Every time you click on a link on the web, read or send a text or an email, walk past a wi-fi hot spot, make a phone call, have a blood test or buy anything anywhere, the amount of data being stored just keeps on growing. Unless you need to check who woke you by calling at 7:30 last Sunday morning, or verify how much you paid for the last pair of jeans you bought, these exabytes of stored data are simply occupying valuable disk and tape space in big, secure, air-conditioned data warehouses.
Even if you’re not a three- or four-initial security agency looking for secret terrorist training camps in the Royal Botanic Gardens or tracking the covert activities of kayaking clubs, there is an immense amount of useful information that can be extracted from these data repositories and used to further our knowledge.
If you’re a telco you might want to know which customers, on which mobile data plans, access which data networks during particular sporting events. If you’re an epidemiologist you may want to know if there’s a relationship between the use of certain public transport routes and the prevalence or locality of a particular set of health issues. If you’re a physician you might want to know whether certain genes are in a given state of expression for all sufferers of a particular set of symptoms.
MOVING MOUNTAINS OF DATA
Such information doesn’t exist yet. But if researchers are given access to the various unrelated data sets that are languishing in data warehouses around the globe; have access to enough network bandwidth to bring the data into one place; and then have access to enough processing power to slice, dice and compare the data according to previously-untried recipes, new information will emerge.

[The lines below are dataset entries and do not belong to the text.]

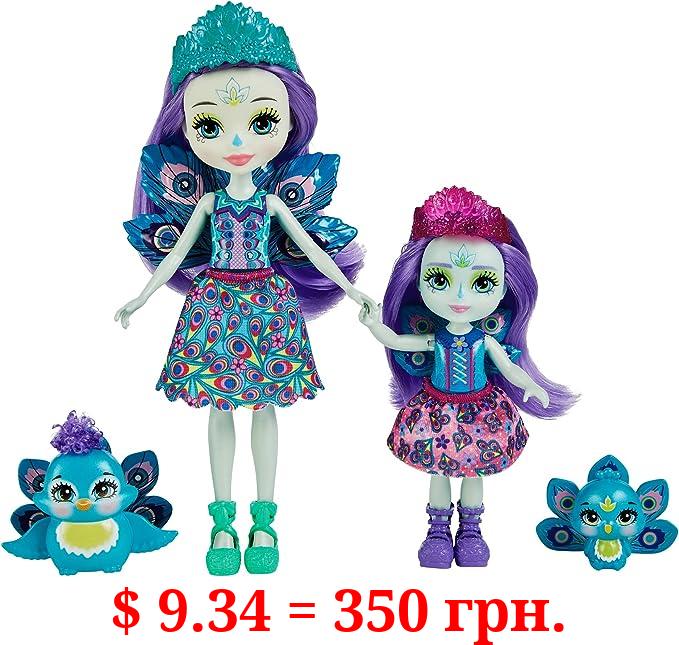Enchantimals Patter & Piera Peacock Sister Dolls (6-in & 4-in) & 2 Animal Figures, Removable Skirt and Accessories, Great Gift for Kids Ages 3Y+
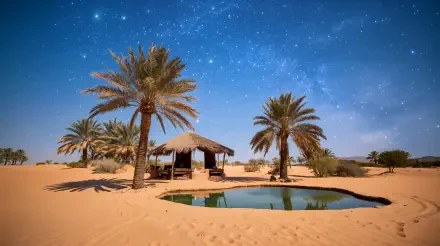 A tranquil desert oasis featuring a serene pool surrounded by palm trees and a shaded hut beneath a starry sky, captured in stunning 4K Ultra HD resolution.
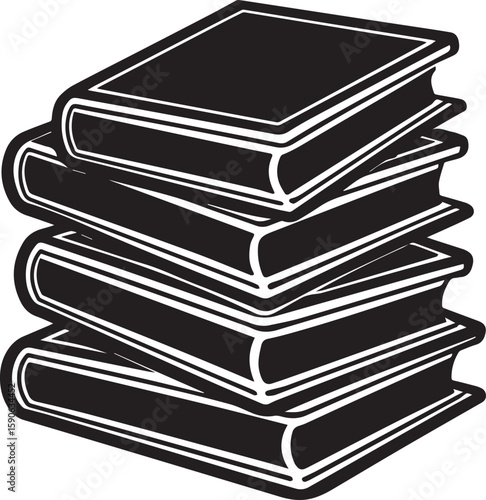 stack of books silhouette vector icon, stack of books isolated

However, even if you have all the storage, network capacity and processing power you need for a big data research project, there is still a major barrier to converting this new information into new knowledge: the sheer volume of the results is overwhelming. A vast spreadsheet, or a Pelican case full of hard-drives with the results of a sky survey of a couple of thousand anomalous astronomical objects may contain the clue to unravelling an unsolved-mystery, but chances are that answer may never be found in the mountain of data.
VISUALISING: HEADS UP
Despite computers being quite good at searching for relationships in vast amounts of data, the search has to be programmed by someone who knows what they’re looking for. On the other hand, many discoveries are fortuitous accidents that come about when a researcher is looking for something else entirely. Even though Skynet became self-aware at 2:14am EST on August 29th, 1997 (see the Terminator movies for full details), machine intelligence is still a long way behind the human brain when it comes to noticing unexpected relationships. As we in the AV world are well aware, the brain’s highest-bandwidth input channel, with the most direct connection, is our visual system, so it’s hardly a surprise that the best way of working with huge amounts of data is to find ways to make it visible.

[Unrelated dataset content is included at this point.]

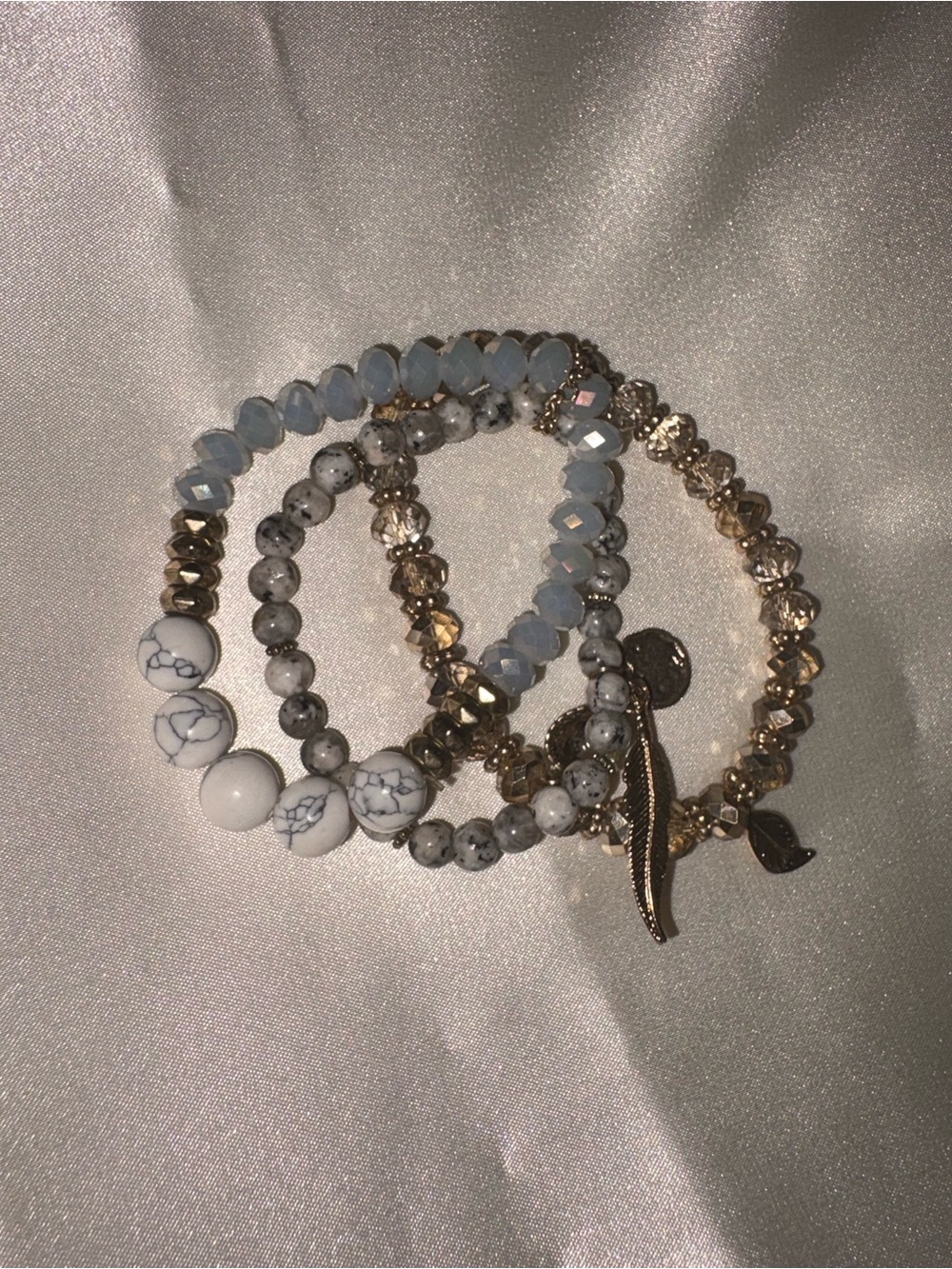 Stacked Beaded Bracelet Set of 3 - White, Gray & Gold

Visualising data is exactly what you’re doing when you build graphs in your desktop spreadsheet software. However, when there are tens of millions of data points, with large numbers of variables with wide ranges of values that may be changing over time, the visualisation process becomes more complicated. Visualising big data sets in ways that allow the viewer to take in the scale, complexity and dynamic range of the data requires screens a little larger than your average laptop and image processing power in the range of a 20th-century supercomputer. These visualisation facilities generally have screens large enough to provide the viewer with a sense of immersion in the rendered images and increasingly use 3D images to intensify the connection between visualised data and the viewer.

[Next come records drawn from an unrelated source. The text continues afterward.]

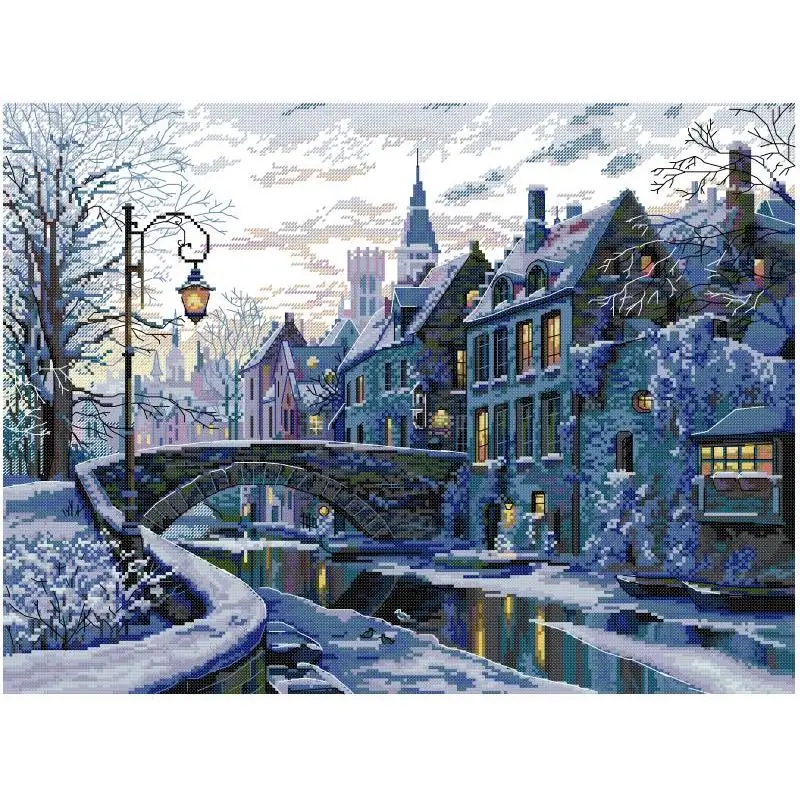 

Winter Snowy night NKF Landscape Cross Stitch Kit Aida 14/16/11CT Count Printed Fabric Needle and Thread Kit DIY Home Decor Gift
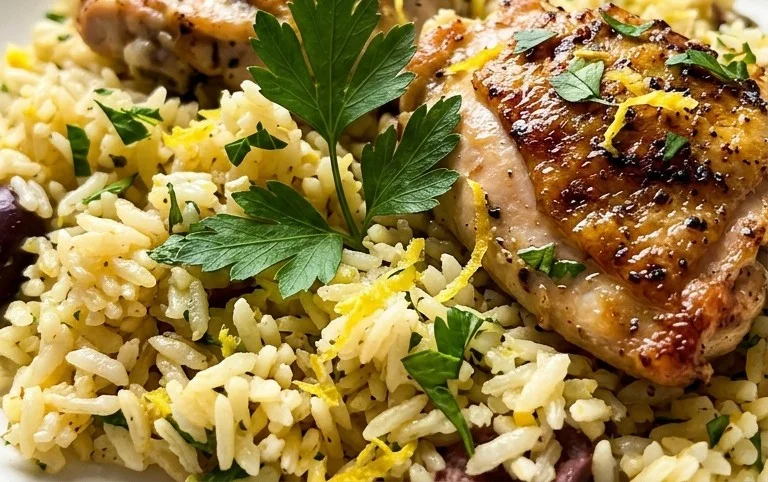 Greek Chicken and Lemon Rice (30 Minutes, One-Pot)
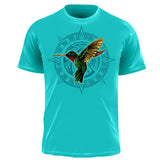 Huitzilin Premium Graphic T-shirt (Men's) Men Shirts Nahua Ollin Crew Neck Turquoise S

Even today, with commodity data projectors, commodity flat-panel screens, multi-core CPUs in commodity laptops, and commodity graphics cards with thousands of graphic processing units, systems capable of usefully visualising Big Data, generally cost big bucks, and remain relatively rare. Such visualisation facilities are mostly found in such well-resourced places as global mining, automotive, and bio-technology companies or the military, with the few currently in public hands scattered amongst elite research institutions.
BROADENING NEW HORIZONS
Professor Paul Bonnington, director of Monash University’s e-Research Centre, describes visualisation facilities as the viewfinders for the ‘microscopes’ and ‘telescopes’ of 21st century science – the instruments that will enable advances in myriad disciplines by making visible the previously unobservable. Monash acknowledged the critical importance of visualisation tools to the future of research across the entire institution when in 2009 it allocated part of a floor of its soon-to-be built $140m New Horizons Centre for advanced teaching and research, to an advanced visualisation facility.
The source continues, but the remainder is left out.